Brögi: Wir sind überwältigt – ehrlich gesagt. Denn es war eine Gratwanderung, ein neues Album mit unserem alten Erbe zu machen…

Frank: Besonders im Death und Thrash Genre gibt es wenig Bands die in Landessprache singen. Habt Ihr jemals drüber nachgedacht ein Album komplett in deutscher Sprache bzw. in Schweizerdeutsch zu schreiben?
Brögi: Ha, geile Frage. Also mit unserem neuen Song „Dein Wille Geschehe“ wären wir ja schon mal nah dran. Das wars dann aber auch schon. Wir hatten mit Andy anfänglich zu kämpfen- sowas zu machen. Und da wir eine typisch schweizerisch demokratische Band sind, wird wohl nix daraus…..

Frank: Leider wurde auf Grund der Covid-Pandemie euer Konzert in Österreich abgesagt. Natürlich wollen die Fans wissen, ob es in Zukunft auch eine kleine Tour zum Album gibt?
Brögi: Also von touren kann ja wohl im Moment keine Band eine Aussage machen. Ich hoffe, das Konzert in Landeck ist nur verschoben – und nicht gänzlich abgesagt….

Frank: Euer Label High Roller hat wirklich echt schöne LP Editionen von Fracmont auf den Markt gebracht. Seid ihr als Hasen des Geschäfts über die Renaissance des Vinyls überrascht und sammelst du selber Platten?
Brögi: Ja, High Roller ist einfach das perfekte Label für uns. Total passend für so eine alte Band wie wir. Und sie bieten höchste Qualität an Veröffentlichungen, spezialisiert auf Vinyl. Was könnte es Besseres geben, für so eine alte Band wie Messiah? Das HI PA HO MEGA HYPER PI PA PO der großen Labels brauchen wir nicht, wir sind lieber nah an den Fans dran, in Gemeinschaft mit HRR, welches aus Leidenschaft eines Fans entstanden ist. Ja, ich sammle auch Platten, das emotionslose Sammeln von Downloads oder gar Streaming ist nix für mich – mehr für die digitale Industrie, die auf die Zukunft hofft. Der Metal Fan aber sammelt, handfest – das müssten sich einige Labels mal was überlegen. Ich find es einfach nur schön, dass dasselbe Format wieder präsent ist, wie ich mein erstes Album 1986 in den Händen halten durfte, und ungemein stolz darüber war.

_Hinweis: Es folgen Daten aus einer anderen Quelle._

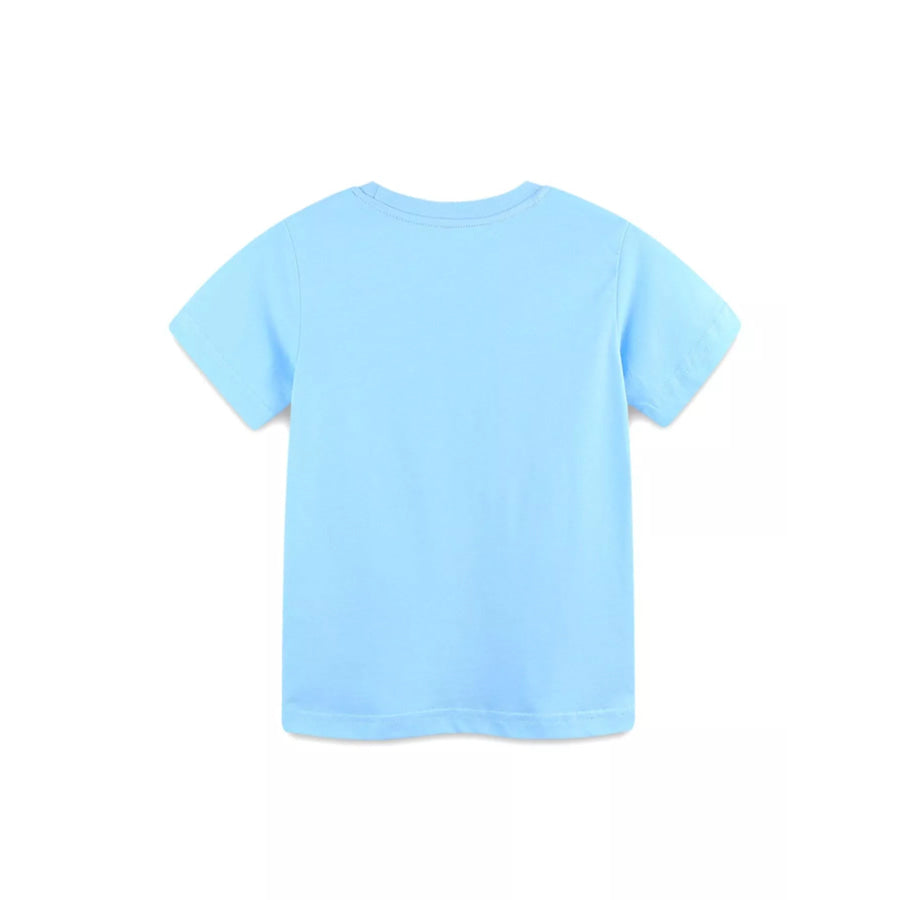 Children’s Cartoon Boat Short Sleeve T-Shirt Apparel and Accessories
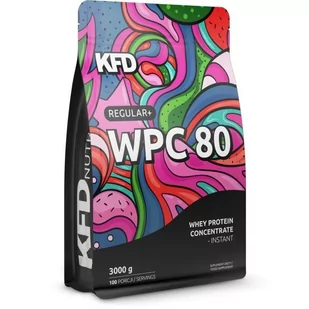 Białko Kfd Regular+ Wpc 80 3000G  Kokosanki - Odżywki białkowe - miniaturka - grafika 1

Frank: Wenn du aus drei Extrem Metal Alben die Wahl treffen müsstet, wie würdet Ihr euch entscheiden und warum?
Brögi: Leider kann ich hier nichts Modernes bieten, da ich aus einer anderen musikalischen Sparte beeinflusst bin. Außer: Es gibt aber für mich eine andere Sichtweise, was extrem Metal bedeuten kann:  Nimm dir die Riffs von Manilla Roads Album „Crystal Logic“, transferiere sie in moderne Rhythmen, addiere einen modernen extremen Gesang – und dann, wahnsinnig, was der Meister Marc Shelton schon 1978 ab seinen ersten Alben erkannt hat. Wenn er es vielleicht auch nicht wollte und sich je bewusst war, aber was daraus entstehen kann, ist für mich realer Extreme Metal ….mal abgesehen von den Vocs.

Frank: Brögi, vielen Dank für das Interview.
Brögi: Hey, vielen Dank dir nochmals – hat Spaß gemacht!